2X Software was a Maltese software company specializing in virtual desktop, application virtualization, application delivery, Remote Desktop Services, remote access and Mobile Device Management. On 25 February 2015, 2X Software was acquired by Parallels, Inc. The 2X products, Remote Application Server and Mobile Device Management, are now included in Parallels' offering.

Profile
The company has offices in the United States, Germany, UK, Australia and Malta. It develops software for the server-based computing market, in the application virtualization, remote desktop services and virtual desktop infrastructure space. With the acquisition of MDM from 3CX, the company extended its portfolio to include mobile device management.

In 2014 it was a finalist for Best of TechEd 2014, Govies Government Security Award 2014  and Datacenter ICT Application Product of the Year.

The company was acquired by Parallels, Inc. on 25 February 2015.

Products

2X Remote Application Server

2X RAS delivers virtual desktops and Windows applications hosted on hypervisors such as Microsoft Hyper-V, Citrix XenServer, VMware vSphere and others, to remote mobile or desktop devices,

2X RAS won Cloud Computing Magazine's 2012 Cloud Computing Excellence Award. 2X RAS has also won the Government Security Award 2014 and has been named to CRN's 2014 Virtualization 50 list.

The latest version of 2X RAS was released at the beginning of August 2014. The main feature updates are the management of Windows PCs as pseudo thin clients, and remote assistance.

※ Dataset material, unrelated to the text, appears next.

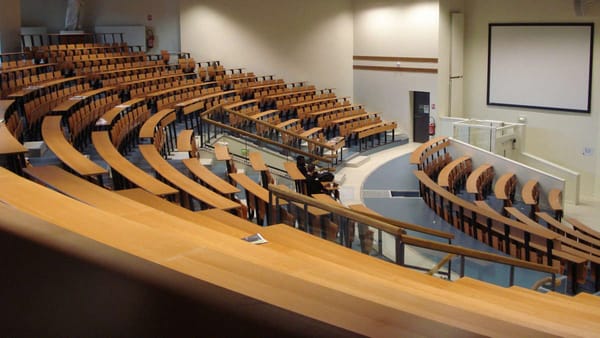 L’Université de Yale (Connecticut) et sa poignée d’enragés contre Israël.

After the acquisition by Parallels Inc., it was rebranded to Parallels RAS.

2X RDP Client
2X RDP Client provides remote desktop and application access for any web-enabled device, including Android, ChromeOS, Microsoft Windows, Linux OS, Windows Phone, MAC OS, HTML5 and iOS devices. 2X RAS delivers Microsoft Office applications to any remote or local users on the major OSs.

2X RDP Client connects to 2X RAS for Windows XP, Windows 7, Windows 8 and Windows 8.1.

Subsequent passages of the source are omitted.